[Start of Attachment]
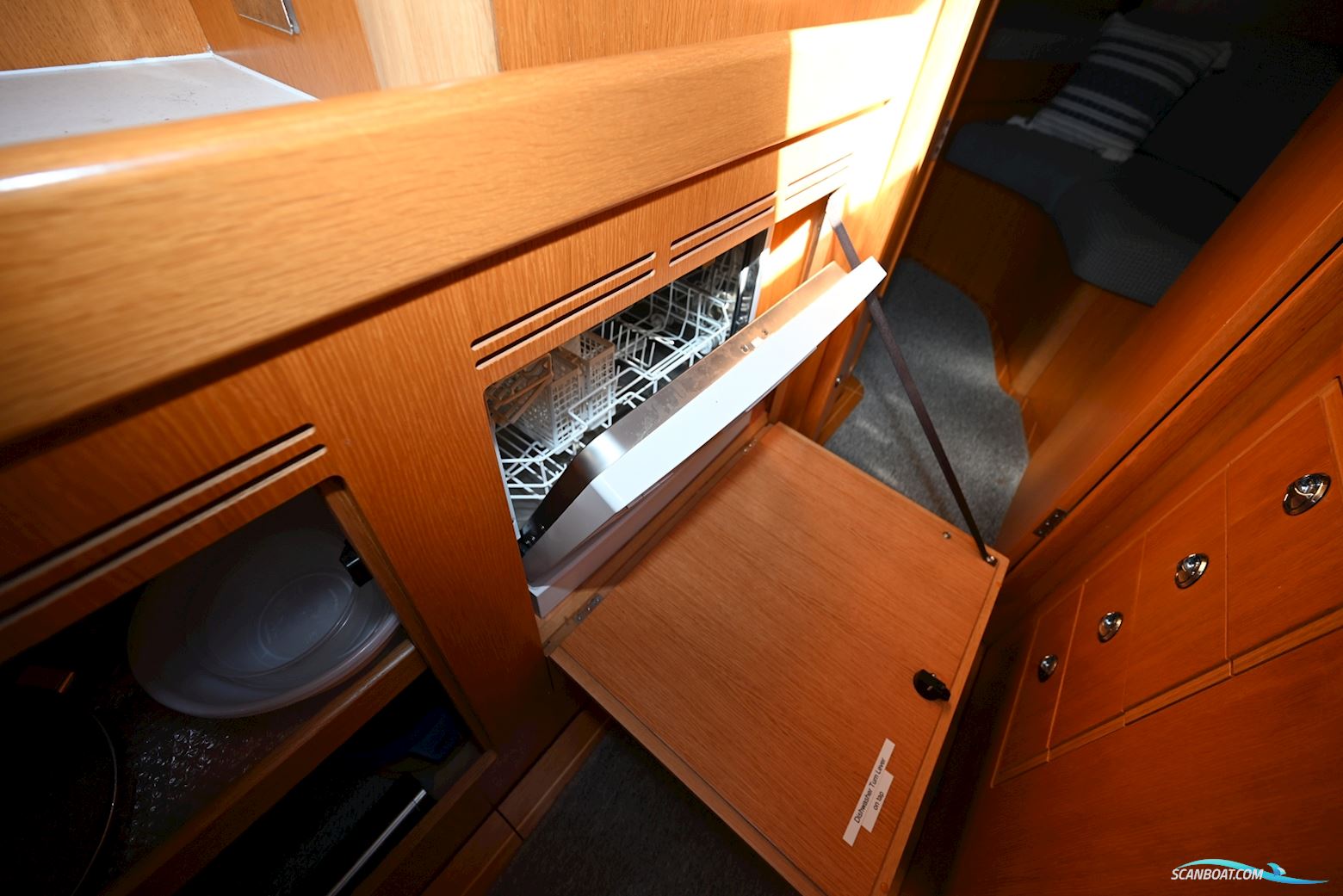 Hallberg Rassy 44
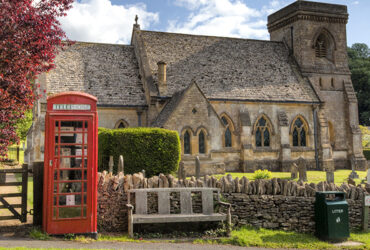 Une cabine téléphonique londonienne rouge en campagne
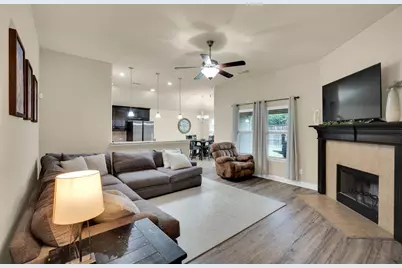 201 Winters Edge Drive, Red Oak, TX 75154 - Photo 8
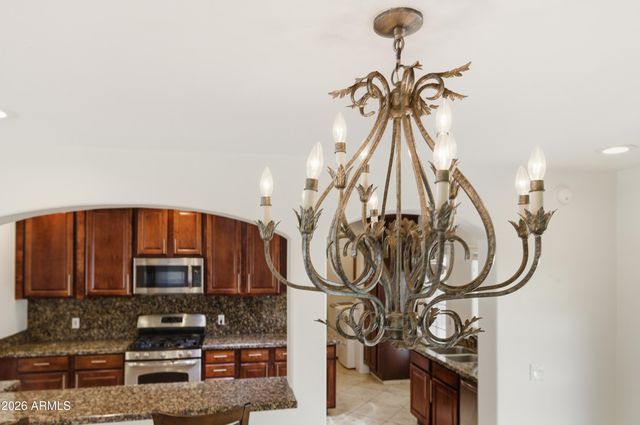 1924 E COOLIDGE Street, Phoenix, AZ 85016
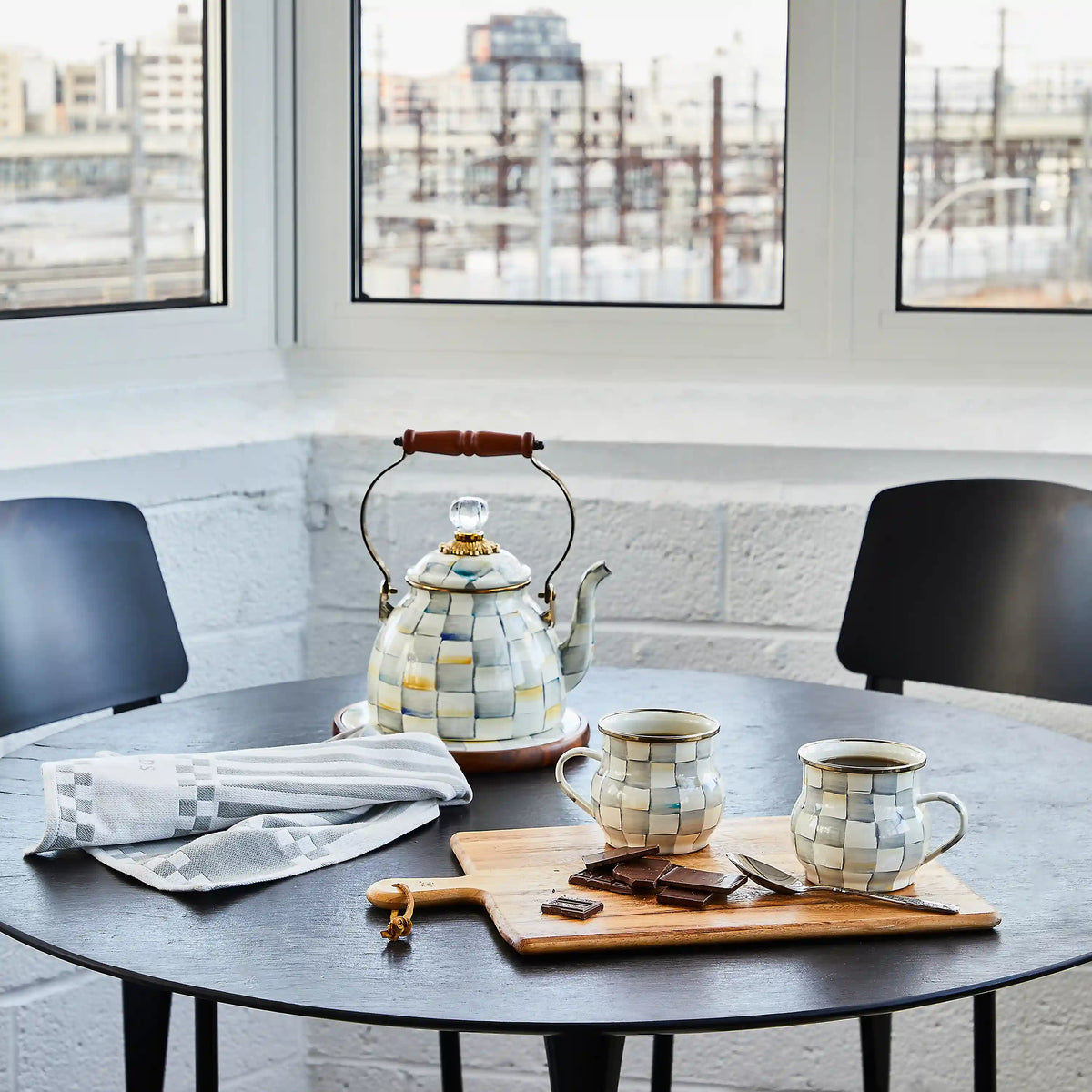 Rosy Check 3 Quart Tea Kettle
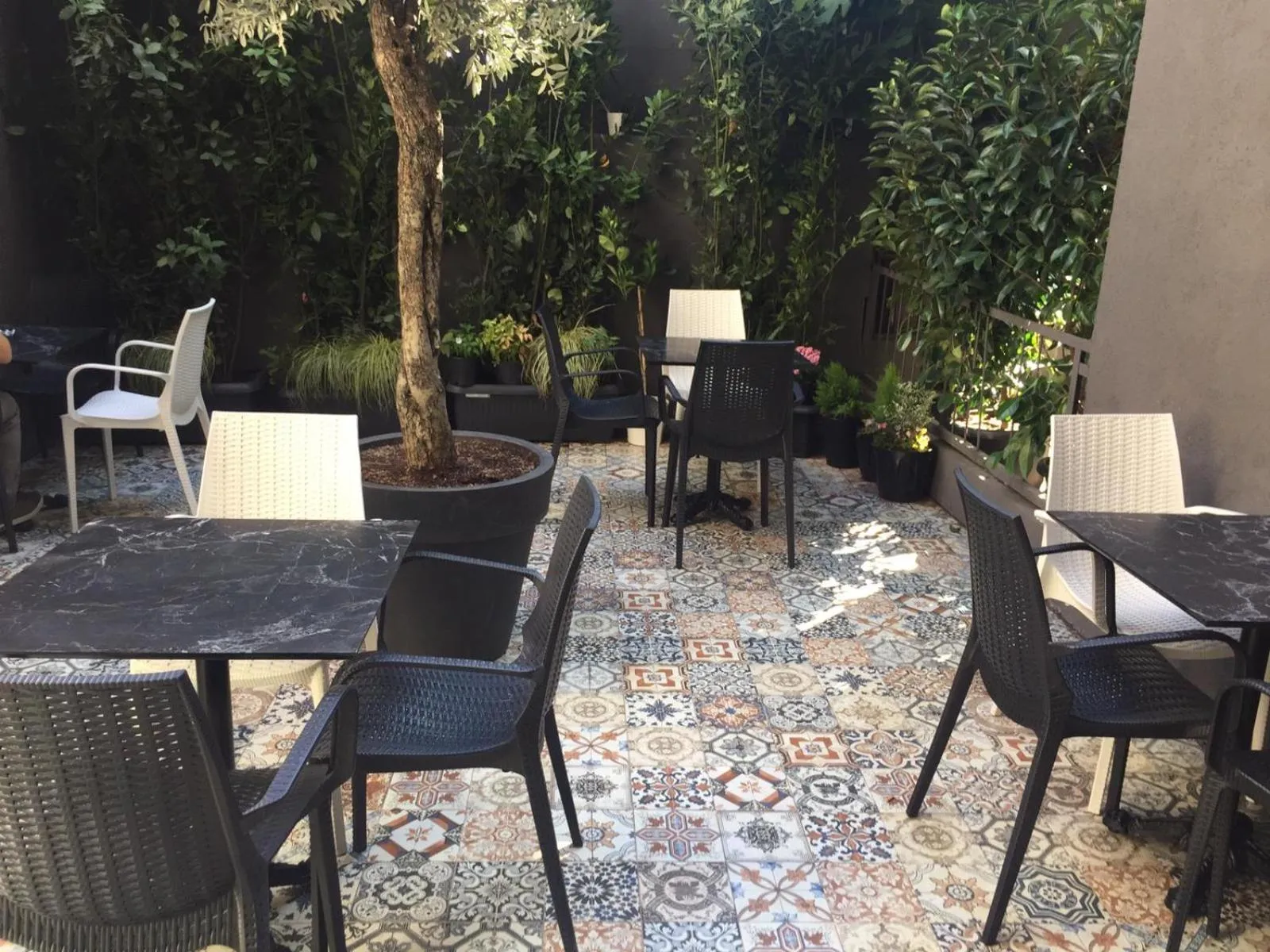 Garden in Hotel Miro Mansion Old City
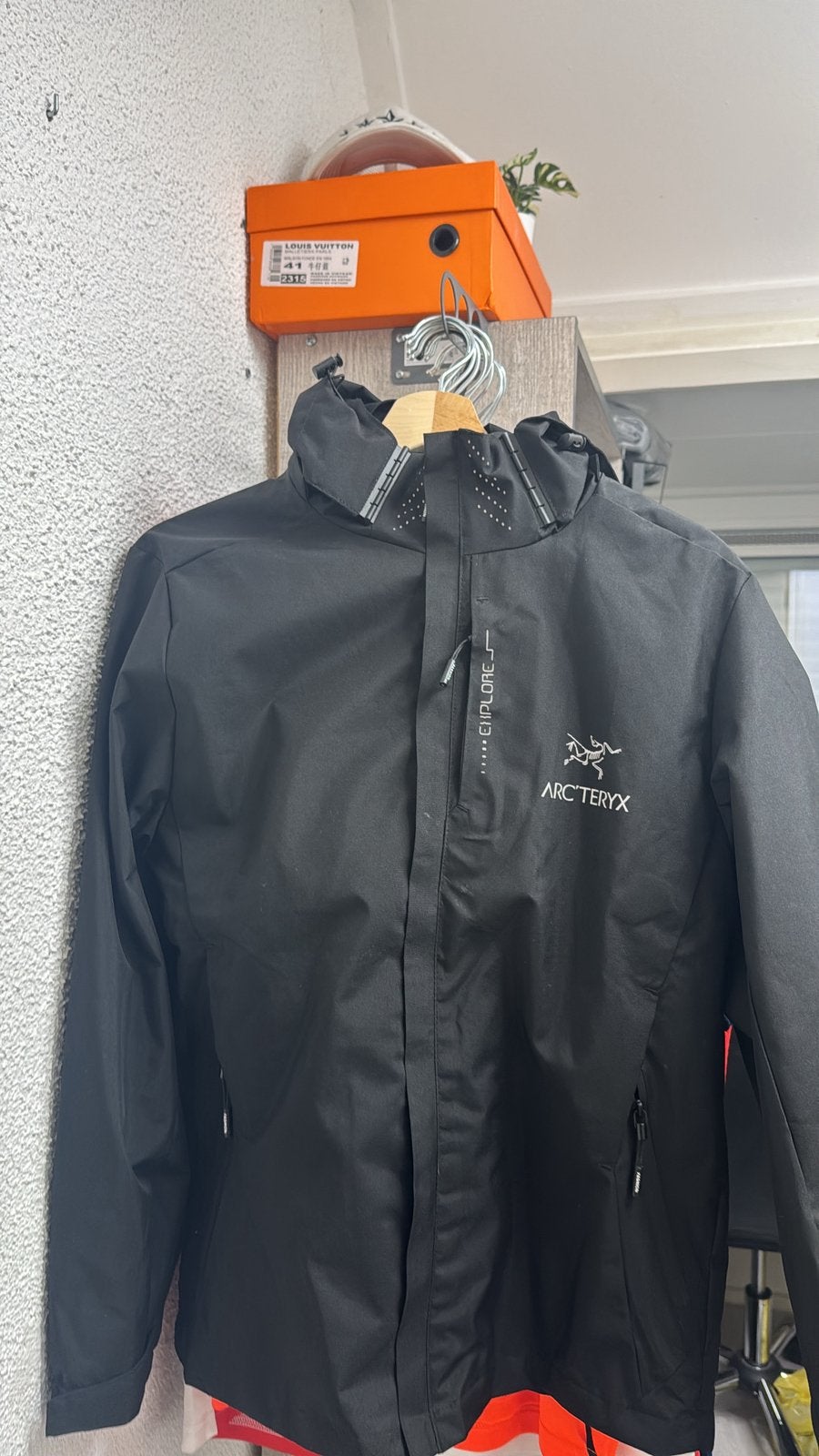 Arc’teryx Windbreaker, Ophalen of Verzenden, Zo goed als nieuw, Maat 48/50 (M), Zwart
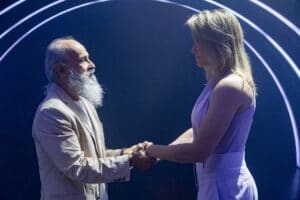 Imagem com foto do ator Osmar Prado e a apresentadora Fernanda Gentil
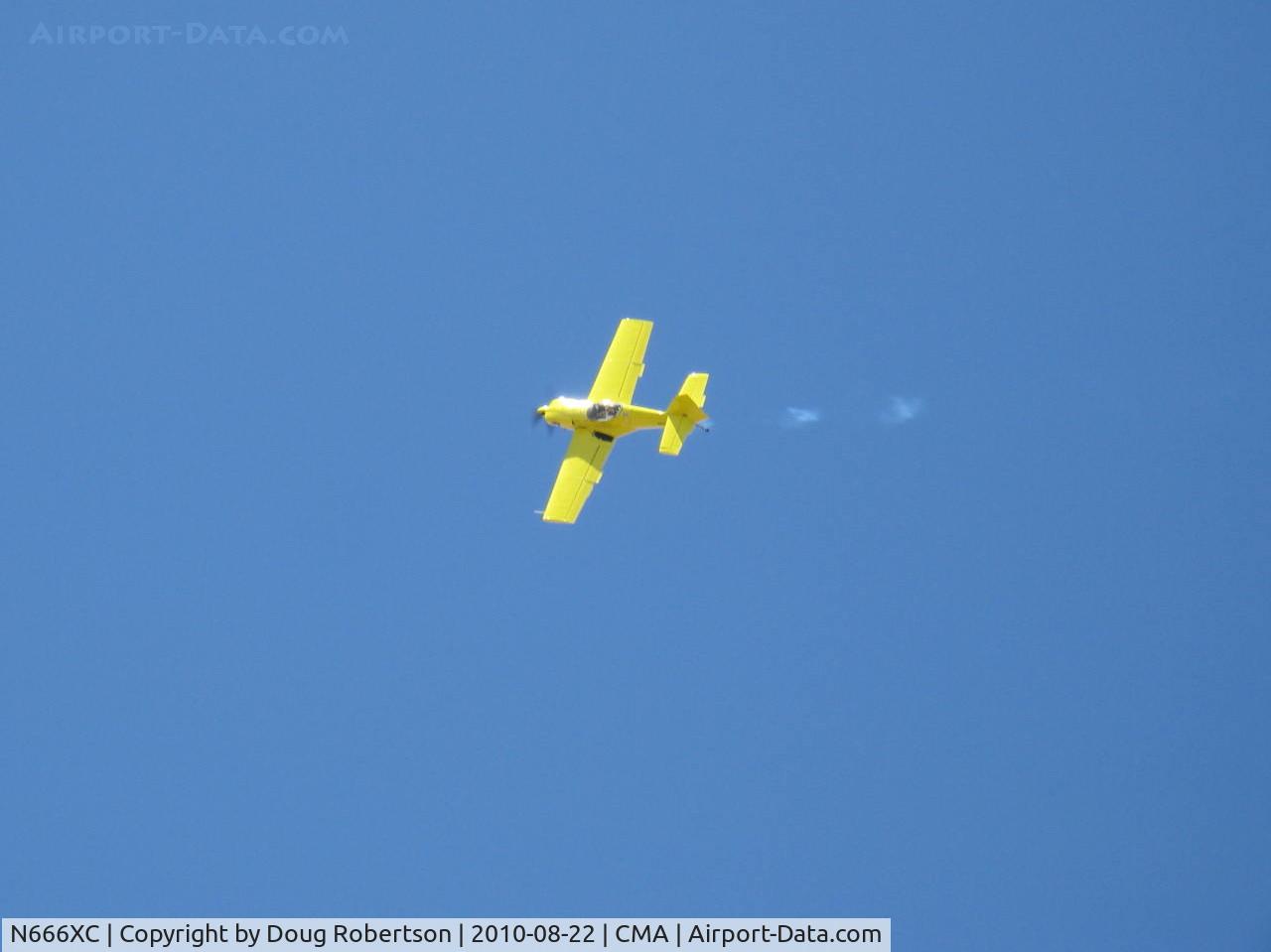 N666XC, 1997 Zlin Z-50LS C/N 0077, 1997 Moravan ZLIN 50-LS 'Tumbling Bear' low-level cross-control pass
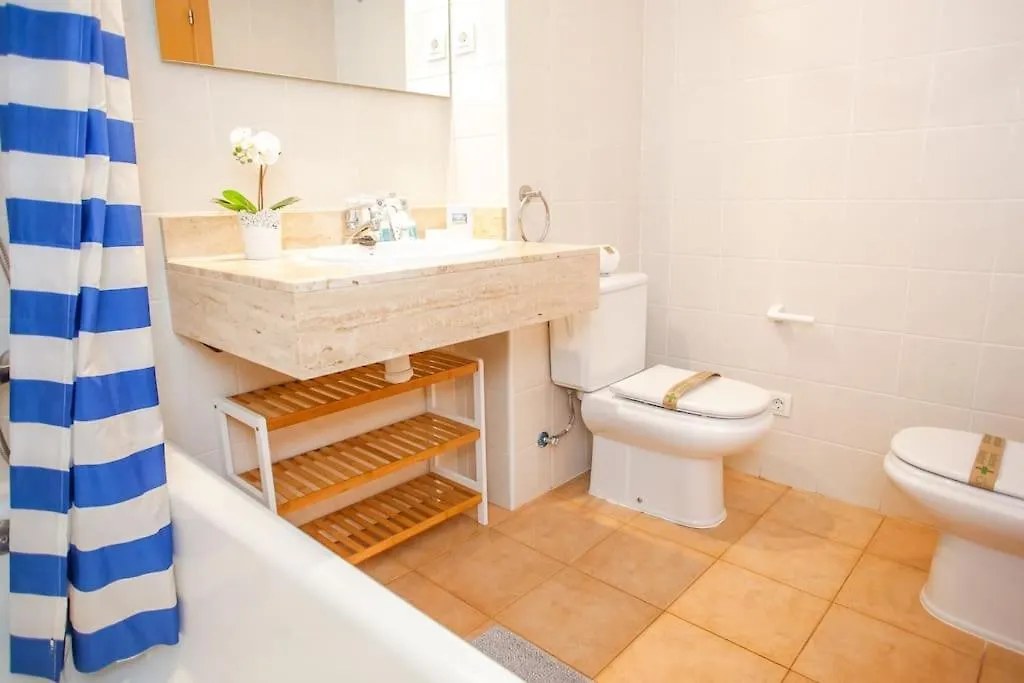 Al47 Spacious Apartment Near Fenals Beach Lloret de Mar 0*,  Espanha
[End of Attachment]
#### [Work order]
Leaving out the pictures, return exactly the lines from the one that contains "Garden in Hotel Miro Mansion Old City" through the last line of the records above, inclusive.

#### [Solution to this problem]
 Garden in Hotel Miro Mansion Old City
 Arc’teryx Windbreaker, Ophalen of Verzenden, Zo goed als nieuw, Maat 48/50 (M), Zwart
 Imagem com foto do ator Osmar Prado e a apresentadora Fernanda Gentil
 N666XC, 1997 Zlin Z-50LS C/N 0077, 1997 Moravan ZLIN 50-LS 'Tumbling Bear' low-level cross-control pass
 Al47 Spacious Apartment Near Fenals Beach Lloret de Mar 0*,  Espanha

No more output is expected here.